*THE TASK*: Print every record word for word.

(Caption-style text data)
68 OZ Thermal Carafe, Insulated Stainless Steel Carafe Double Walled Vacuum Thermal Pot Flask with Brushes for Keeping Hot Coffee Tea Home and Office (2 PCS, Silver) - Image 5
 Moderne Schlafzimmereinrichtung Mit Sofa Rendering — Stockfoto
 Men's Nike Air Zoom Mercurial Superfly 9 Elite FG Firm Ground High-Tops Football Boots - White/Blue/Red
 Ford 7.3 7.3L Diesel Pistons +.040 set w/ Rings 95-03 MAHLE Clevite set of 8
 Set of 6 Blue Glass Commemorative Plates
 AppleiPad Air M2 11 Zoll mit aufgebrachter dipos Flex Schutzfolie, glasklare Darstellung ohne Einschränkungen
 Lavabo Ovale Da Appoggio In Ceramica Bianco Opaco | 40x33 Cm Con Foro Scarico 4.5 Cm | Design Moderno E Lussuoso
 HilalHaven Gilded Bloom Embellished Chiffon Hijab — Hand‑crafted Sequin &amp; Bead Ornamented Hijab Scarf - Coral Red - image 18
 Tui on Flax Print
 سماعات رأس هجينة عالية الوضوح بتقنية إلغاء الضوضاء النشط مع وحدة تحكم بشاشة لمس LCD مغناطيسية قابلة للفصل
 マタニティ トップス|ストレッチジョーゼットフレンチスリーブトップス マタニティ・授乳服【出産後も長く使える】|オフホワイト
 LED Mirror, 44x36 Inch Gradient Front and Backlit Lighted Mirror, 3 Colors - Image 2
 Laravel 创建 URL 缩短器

*YOUR RESPONSE*:
68 OZ Thermal Carafe, Insulated Stainless Steel Carafe Double Walled Vacuum Thermal Pot Flask with Brushes for Keeping Hot Coffee Tea Home and Office (2 PCS, Silver) - Image 5
 Moderne Schlafzimmereinrichtung Mit Sofa Rendering — Stockfoto
 Men's Nike Air Zoom Mercurial Superfly 9 Elite FG Firm Ground High-Tops Football Boots - White/Blue/Red
 Ford 7.3 7.3L Diesel Pistons +.040 set w/ Rings 95-03 MAHLE Clevite set of 8
 Set of 6 Blue Glass Commemorative Plates
 AppleiPad Air M2 11 Zoll mit aufgebrachter dipos Flex Schutzfolie, glasklare Darstellung ohne Einschränkungen
 Lavabo Ovale Da Appoggio In Ceramica Bianco Opaco | 40x33 Cm Con Foro Scarico 4.5 Cm | Design Moderno E Lussuoso
 HilalHaven Gilded Bloom Embellished Chiffon Hijab — Hand‑crafted Sequin &amp; Bead Ornamented Hijab Scarf - Coral Red - image 18
 Tui on Flax Print
 سماعات رأس هجينة عالية الوضوح بتقنية إلغاء الضوضاء النشط مع وحدة تحكم بشاشة لمس LCD مغناطيسية قابلة للفصل
 マタニティ トップス|ストレッチジョーゼットフレンチスリーブトップス マタニティ・授乳服【出産後も長く使える】|オフホワイト
 LED Mirror, 44x36 Inch Gradient Front and Backlit Lighted Mirror, 3 Colors - Image 2
 Laravel 创建 URL 缩短器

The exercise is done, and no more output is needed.